Q: What’s new and different in Bigdaddy?
A: It has some new infrastructure, not just better algorithms or different data. Most of the changes are under the hood, enough so that an average user might not even notice any difference in this iteration.

Q: I noticed some ranking changes across all data centers. Was that Bigdaddy?
A: Probably not. There was a completely unrelated data refresh that went live at every data center on December 27th. Bigdaddy is only live at 64.233.179.104 and 66.249.93.104 right now.

Q: Is there specific types of feedback that you want?
A: We’d like to get general quality feedback. For example, this data center lays the groundwork for better canonicalization, although most of that will follow down the road. But some improvements are already visible with site: searches. The site: operator now returns more intuitive results (this is actually live at all data centers now).

Q: What else can you tell me about Bigdaddy?
A: In my opinion, this data center improves in several of the ways that you’d measure a search engine. But for now, the main feedback we’re looking for is just general quality and canonicalization.

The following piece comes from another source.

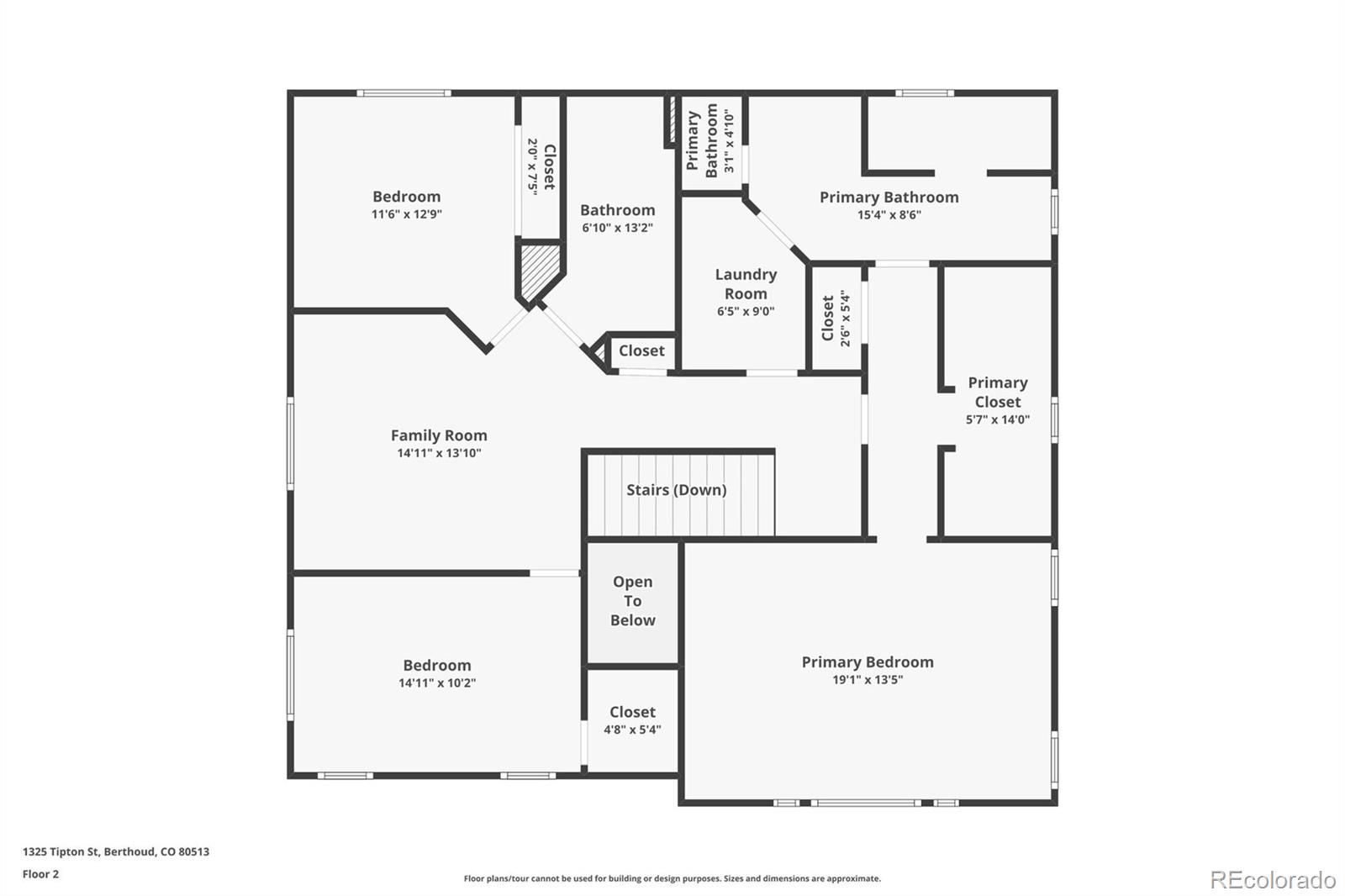 MLS Image #32 for 1325  tipton street,berthoud, Colorado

Q: Will this datacenter make me coffee? Is it the solution to all possible issues ever?
A: No. No data center will make 100% of people happy. For every url that moves into the top 10, another url moves out. And the changes on Bigdaddy are relatively subtle (less ranking changes and more infrastructure changes). Most of the changes are under the hood, and this infrastructure prepares the framework for future improvements throughout the year. If you see a webspam or quality issue, let us know so that we can work on it.

Let’s finish off with a couple more Q&A’s.

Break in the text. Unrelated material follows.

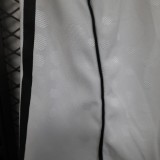 Manchester United  home pants  player  shorts  1:1 Quality Soccer Jersey   25-26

Q: I see something weird on the Bigdaddy data center. Should I leave a comment on your blog?
A: Please don’t; that’s not the best place to leave it. I would leave the feedback either in a spam report (for webspam) or the “dissatisfied” form for any other feedback. The only Google person reading the comments on this blog will be me, so your feedback will get the best bang-for-the-buck if you put it into one of those two forms.

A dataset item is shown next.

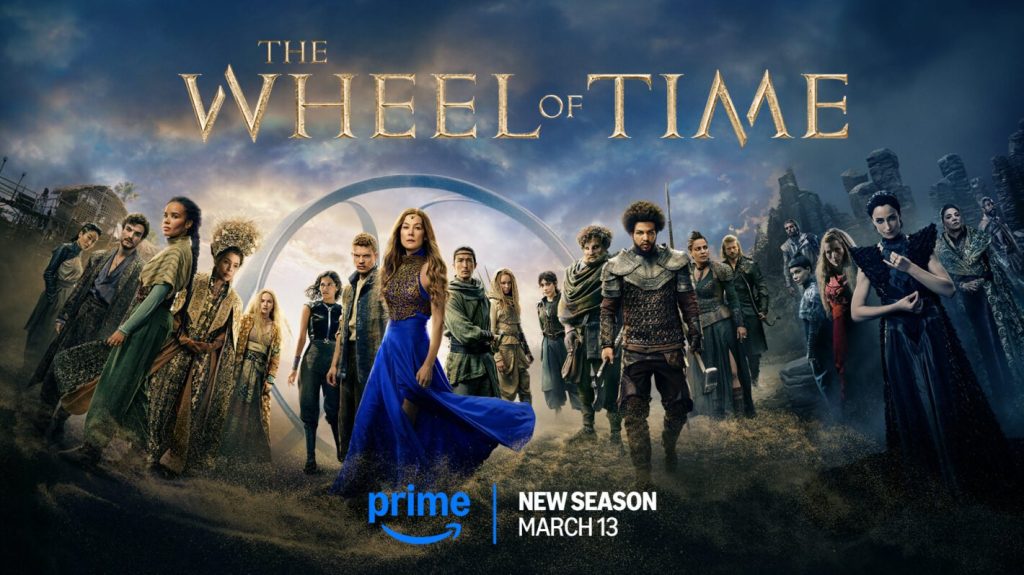 The Wheel of Time S03 2025 Dual Audio Hindi 720p 480p WEB-DL The Wheel of Time S03 2025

Q: Are you sure you don’t want me to just drop a quick comment about my problem here? Right now?
A: I’m about blogged out for the day, and there are better places to discuss this stuff (WebmasterWorld, Search Engine Watch Forums, etc.). The best way to get people to process your feedback is to use the spam report form or the dissatisfied link, make sure that you include the keyword “bigdaddy” and try to be as specific and clear as you can.

Okay, now let’s get to the meat of this post: how to give us feedback on Bigdaddy. I’d be delighted to get webspam feedback, but I’m most interested in hearing feedback about canonicalization, redirects, duplicate urls, www vs. non-www, and similar issues. Before you send in a report, please read my previous posts on url canonicalization, the inurl operator, and 302 redirects. Now here’s where to send feedback:

Reporting spam in the bigdaddy data center
I definitely want to hear about webspam that you see in Google. The best place to do that is to go to http://www.google.com/contact/spamreport.html . In the “Additional details:” section, I would use the keyword “bigdaddy” in your report.

Reporting other quality issues in Google’s index
Do the search that you’re interested in on 64.233.179.104 or 66.249.93.104, then click the “Dissatisfied? Help us improve” link at the bottom right of the page. Again, fill in details and use the keyword bigdaddy so that folks at Google can separate out feedback specifically about this data center.

If I see feedback reports that aren’t helpful, I’ll try to provide suggestions for how to give solid reports that we can use.